Suggested changelog entry:

Fix undefined behavior that occurred when importing pybind11 modules from non-main threads created by C API modules or embedded python interpreters.

@rwgk
Copy link
Collaborator

rwgk commented Oct 15, 2025

@b-pass @oremanj This is essentially a one-line change, could you please look? — I looked myself, but I'm not sufficiently familiar with the thread handling mechanisms to be sure this is correct.

Where I'm getting lost:

  • Aren't the internals initialized only once per extension module (when the module is imported)?
  • It looks like we're already initializing the tstate key_ here:

if (!PYBIND11_TLS_KEY_CREATE(key_)) {

  • So what does the new tstate.set(nullptr); actually do? Replace the value set in L88 with nullptr?

@daltairwalter how did you convince yourself that this change actually helps? Asking the same question from a different angle: Do you have a unit test we could add here?

I also don't understand: What is the exact sequence of events that 1. assigns to tstate but 2. makes the value dangling?

@daltairwalter
Copy link
Contributor Author

Without my change, python is getting the current PyThreadState from whatever it currently is when a module is loaded. This thread state is not guaranteed to be valid in the future. If you want an exact sequence, it would be:

  1. non-pybind11 C API uses PyGILState_Ensure() to acquire GIL in a non-main thread
  2. pybind11 module is loaded in this non-main thread and does something to initialize tstate. This will save the PyThreadState created by PyGILState_Ensure() in step 1.
  3. non-pybind11 C API uses PyGILState_Release which deletes the PyThreadState that was created in step 1 leaving the saved state in step 2 dangling.

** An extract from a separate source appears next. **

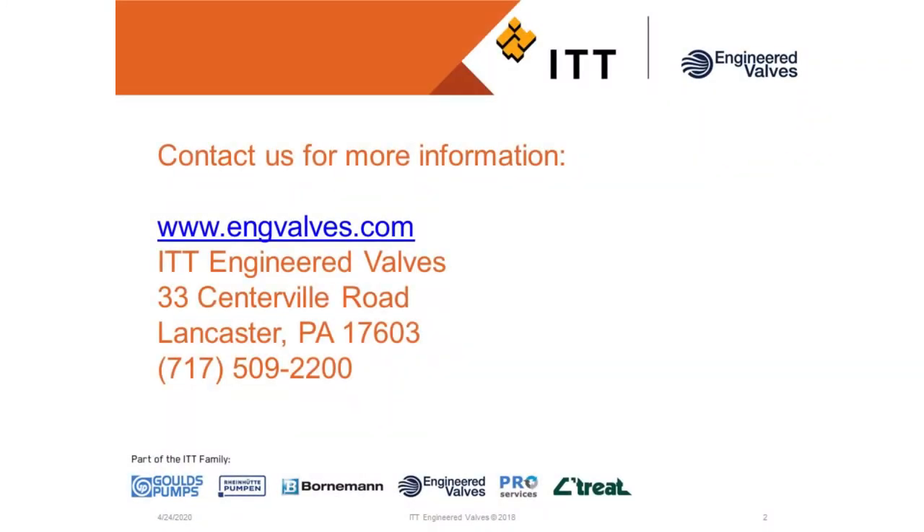Thank you for viewing this. If you have any further questions or you're interested in any of our other videos, please visit us at engvalves.com. We have plenty of other good information there for you. Thank you.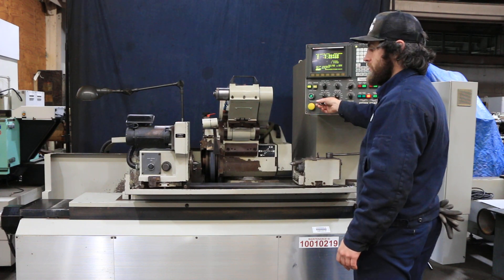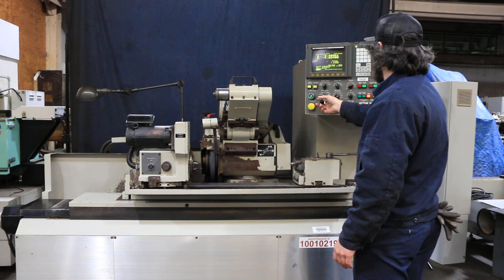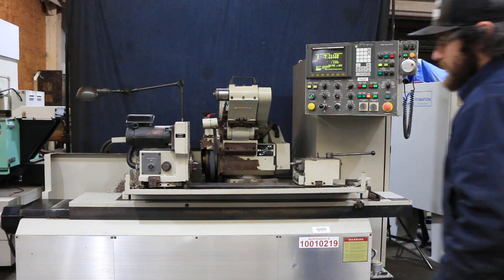The machine has a cooling system. That basically does it. Thanks for watching.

The simplest test case requires an embedded interpreter that is not started by pybind11. In the past, the pybind11 community has been very opposed to this being a supported use case, I am not sure where the community is on this now. Either way, this will also fail in a complex use case with a well written/valid non-pybind11 pyd and a pybind11 pyd being used together. There is a code sample that fails in the ticket #2888 - I updated the test case slightly for newer pybind11 at the end of the ticket, but it is essentially the same.

I am not sure if setting tstate to nullptr is actually meaningful or would otherwise be the default, the primary point of my change is to stop setting tstate = cur_tstate;

@rwgk
Copy link
Collaborator

rwgk commented Oct 15, 2025

Thanks for the explanation. That's making things a little clearer for me.

Did you consider building with PYBIND11_SIMPLE_GIL_MANAGEMENT? I believe that would side-step all issues around the internals tstate completely.

In the past, the pybind11 community has been very opposed to this being a supported use case, I am not sure where the community is on this now.

My vote: If it's wrong (like an actual dangling pointer), we should fix it.

But:

  • I only have a sketchy understanding of the thread mechanisms in general.
  • The fix should be well understood by the experts.

@oremanj
Copy link
Collaborator

oremanj commented Oct 15, 2025

Despite the small code footprint of the fix, this is extremely subtle and I will need more time to review it. There are some comments in subinterpreter.h suggesting that the logic there is relying on the internals to be created with the current tstate initialized.

@b-pass
Copy link
Contributor

b-pass commented Oct 15, 2025

Yes, this makes sense to me. I think this line was added accidentally when cleaning up the internals constructor, the code pre-cleanup used a local with the same name as the member.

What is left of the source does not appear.